3. Evaluate the Local Impact of Federal Retraction
Federal funding and deployable resources have long served as the backbone of local response capacity. But what if they’re not there next time? Conduct a thorough assessment of your jurisdiction’s reliance on these supports:
What capabilities would disappear or degrade without PHEP or HPP funds?
How dependent are you on Medical Reserve Corps (MRC) volunteers and coordination resources?
What happens if Disaster Medical Assistance Teams (DMATs) are unavailable or significantly delayed?
Layer this into a risk-based framework: Which gaps are merely inconvenient, and which are operationally catastrophic? Draft a short document summarizing your findings and circulate it internally. This will serve as a foundation for future funding asks, political advocacy, and mutual aid conversations.
4. Brief Your Department Leadership
If your director or commissioner isn’t yet aware of the ripple effects of the HHS layoffs, make sure they are. Schedule a briefing to walk them through:
The status of your federal partners and the shifting landscape
Your funding risk assessment and how it could affect specific capabilities
Your proposed contingencies, mitigations, or asks
This is also the time to advocate for early action. Even modest investments in local redundancies or staff cross-training could save lives if federal partners go dark during a disaster. If leadership is reluctant, arm them with talking points and data they can take to budget directors, city councils, and governors’ offices.

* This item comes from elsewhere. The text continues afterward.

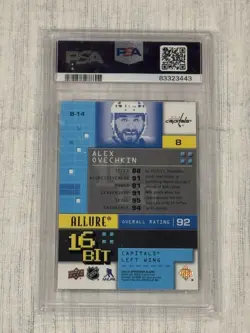 ALEX OVECHKIN PSA 10 2021-22 UPPER DECK ALLURE #B-14 16 BIT SSP - Image 2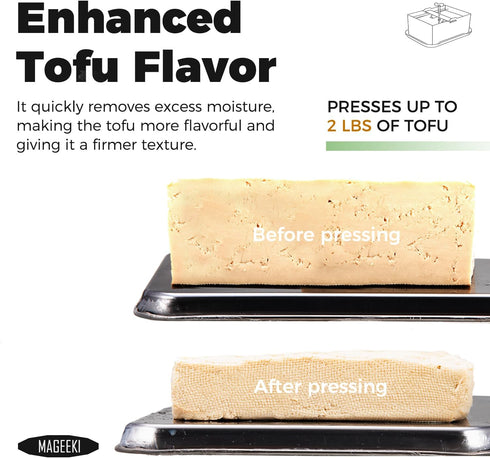 Mageeki Tofu Press, Tofu Press Stainless Steel with Cheese Cloth and Drip Tray for Homemade Firm Tofu, Paneer Maker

5. Engage Elected Officials
Preparedness isn’t just a technical discipline - it’s a political one. If your program is at risk of losing funding or capabilities, your elected representatives must hear about it. Help them understand:
The real-world impacts of reduced PHEP or HPP funding on your jurisdiction
Which services could be delayed or unavailable during a major emergency
How federal retraction disproportionately affects rural, under-resourced, or high-risk communities
Don’t assume this message will come from your agency’s leadership. Prepare a briefing memo or one-pager that can be shared with local, state, and federal officials. Offer specific examples of what you need: restored funding, policy flexibility, or even public statements of support.
6. Mobilize Public-Private Partnerships and NGO Support
In the absence of strong federal support, local partnerships will have to do more of the heavy lifting. Now is the time to:
Reengage with private-sector partners like hospitals, pharmacies, medical supply chains, and transport providers
Survey NGOs and faith-based groups to determine which still have active disaster response capacity
Convene virtual or in-person working groups to talk through response contingencies and resource-sharing agreements
Update or create MOUs to reflect realistic expectations and changes in capacity
Ask hard questions: Who can support mass sheltering if federal sheltering assets are delayed? Can local pharmacies extend operating hours during a surge? Is your food bank ready to support long-term disaster nutrition assistance? These conversations are uncomfortable, but necessary.
Identify redundancies, surface barriers, and build stronger local coalitions that can take swift action when federal systems fail to deliver.
This Isn’t a Drill
The federal public health preparedness landscape is shifting fast, and it won’t settle anytime soon. As the ground moves beneath us, it’s critical to take an unflinching look at your community’s vulnerabilities and backup options.
Every action you take now - calling that contact, convening that meeting, updating that plan - can save lives when the next crisis arrives. The days of relying solely on a well-staffed federal bench are behind us. The responsibility, and the opportunity, are now closer to home. Be ready to lead from where you are.